→ **WHAT THE EXERCISE ASKS**
Make an exact copy of the entries, taking out every picture.

■ ■ ■ ■ ■

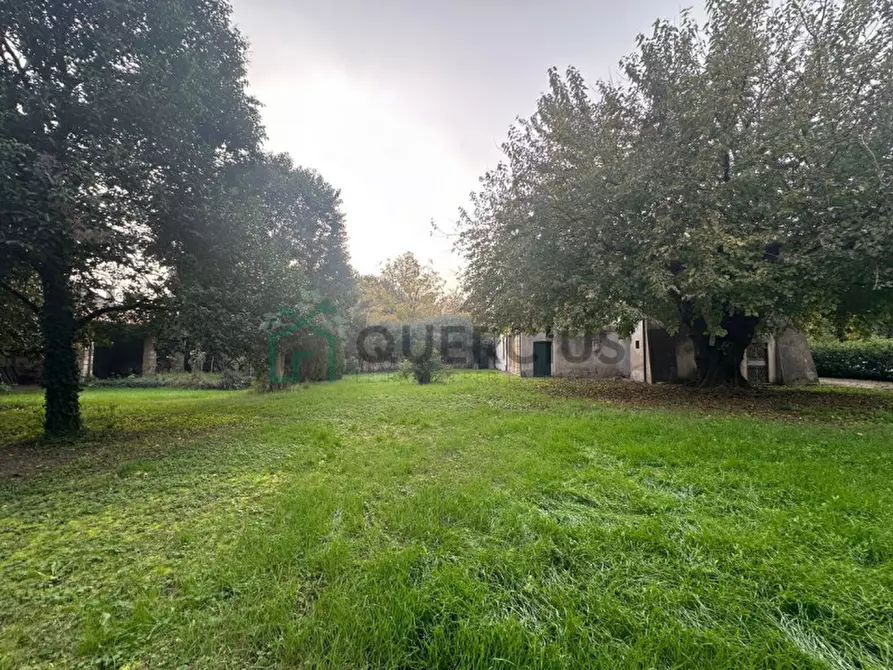 Immagine 1 di Villa in vendita  in Via Conti Da Prato a Caldiero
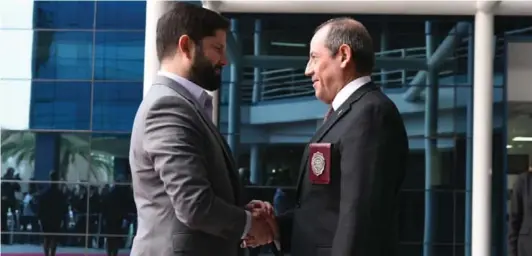  ?? ?? ► El exdirector general de la PDI, Sergio Muñoz, junto al Presidente Gabriel Boric (en una imagen de archivo).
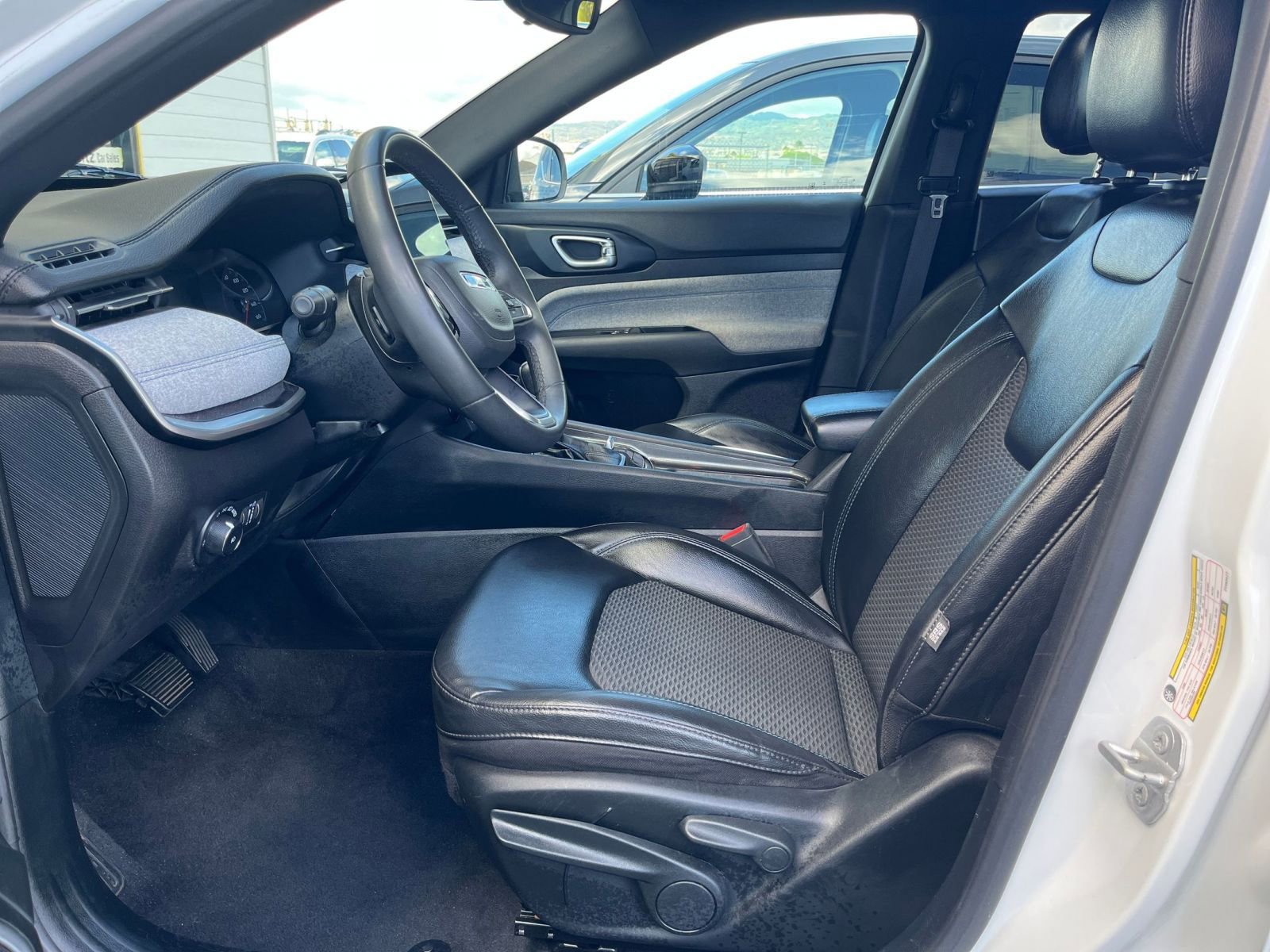 Thumbnail: 2023 Jeep Compass - 25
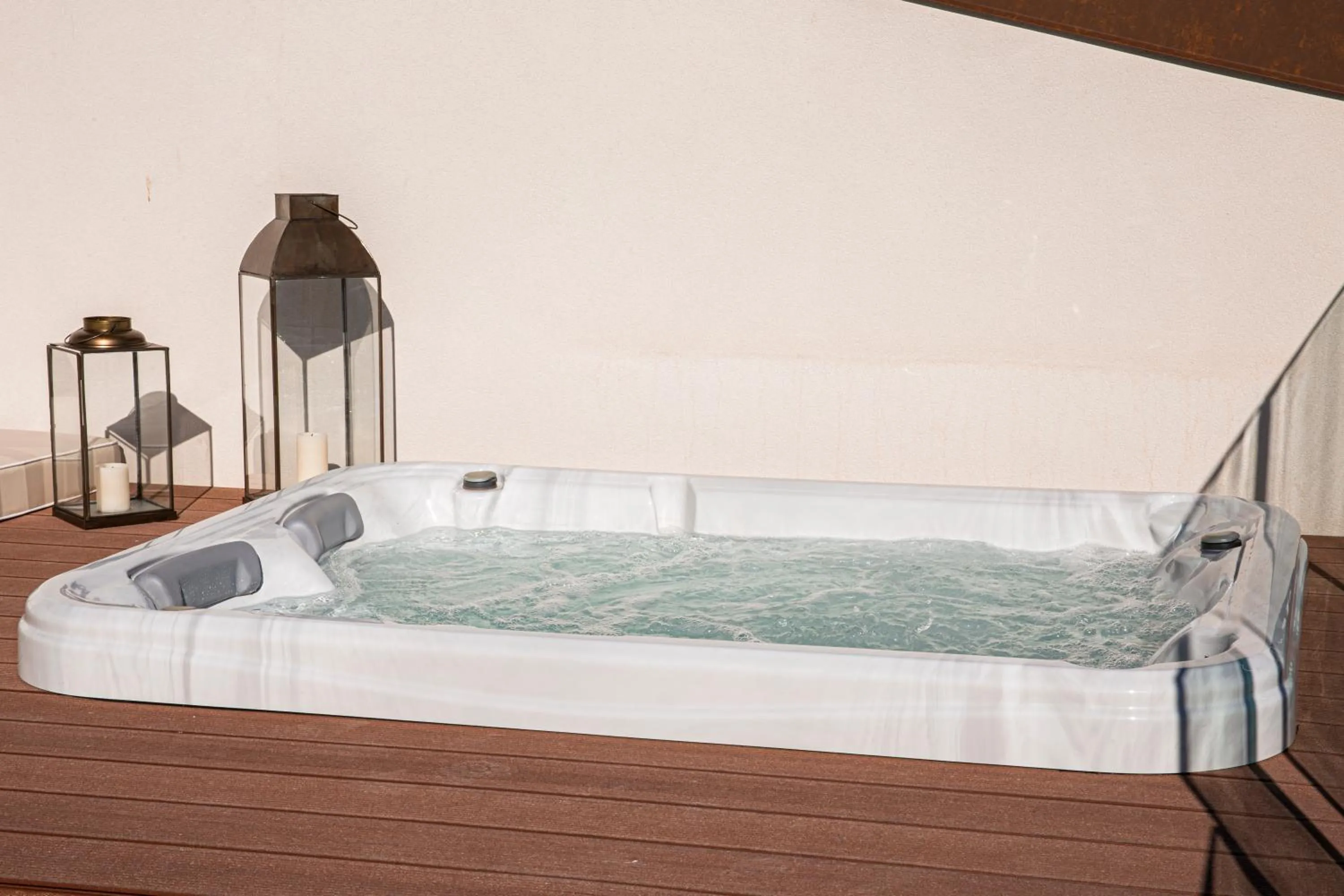 Hot Tub in Costamante Suites & Spa
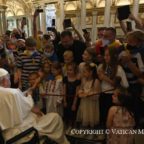 Papa Francesco invoca la Madre di Dio per la pace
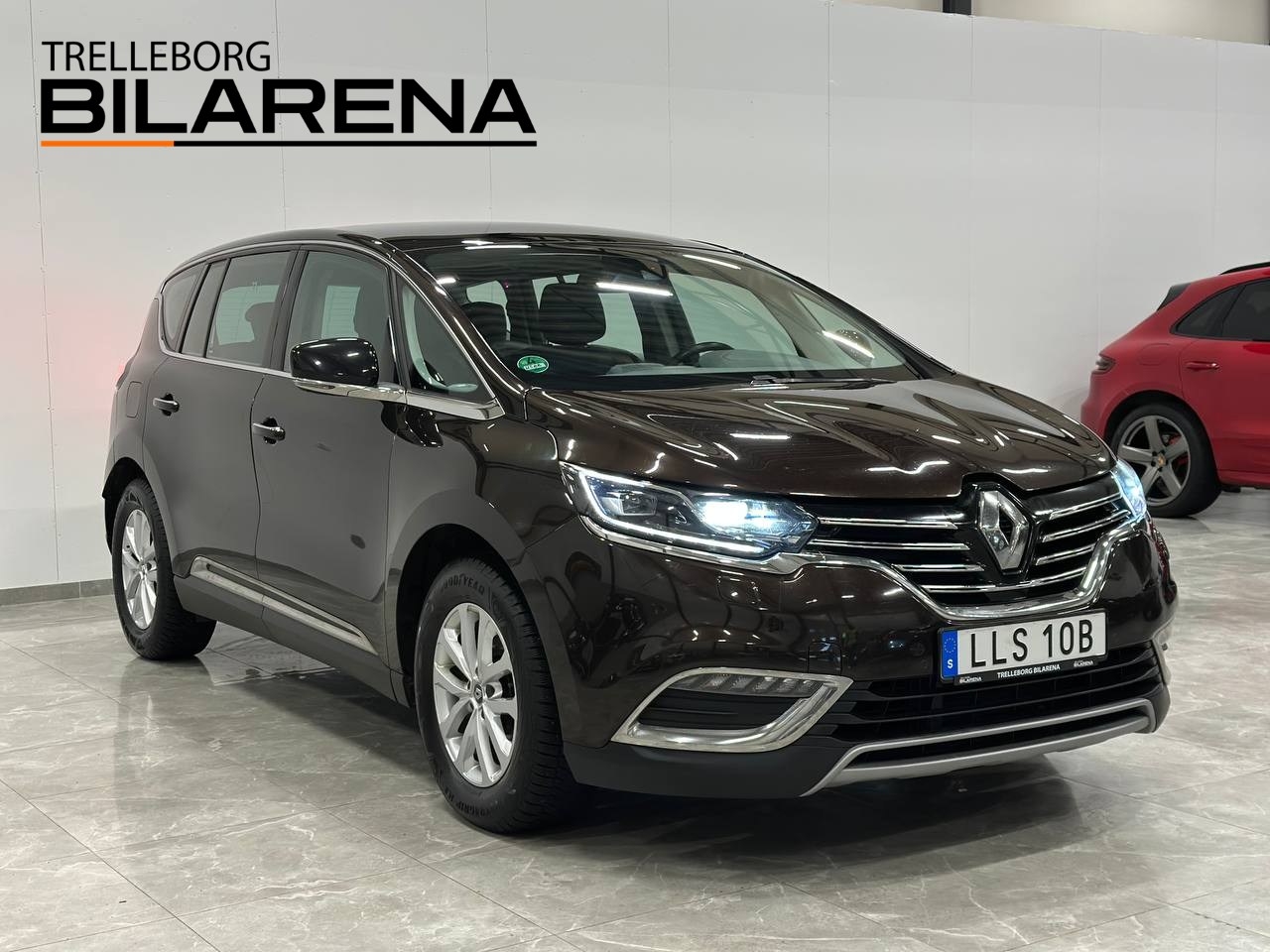 Renault Espace 1.6 dCi EDC, 160hk 2016, bild 2/10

■ ■ ■ ■ ■

→ **SOLUTION FOR THIS TASK**
 Immagine 1 di Villa in vendita  in Via Conti Da Prato a Caldiero
  ?? ?? ► El exdirector general de la PDI, Sergio Muñoz, junto al Presidente Gabriel Boric (en una imagen de archivo).
 Thumbnail: 2023 Jeep Compass - 25
 Hot Tub in Costamante Suites & Spa
 Papa Francesco invoca la Madre di Dio per la pace
 Renault Espace 1.6 dCi EDC, 160hk 2016, bild 2/10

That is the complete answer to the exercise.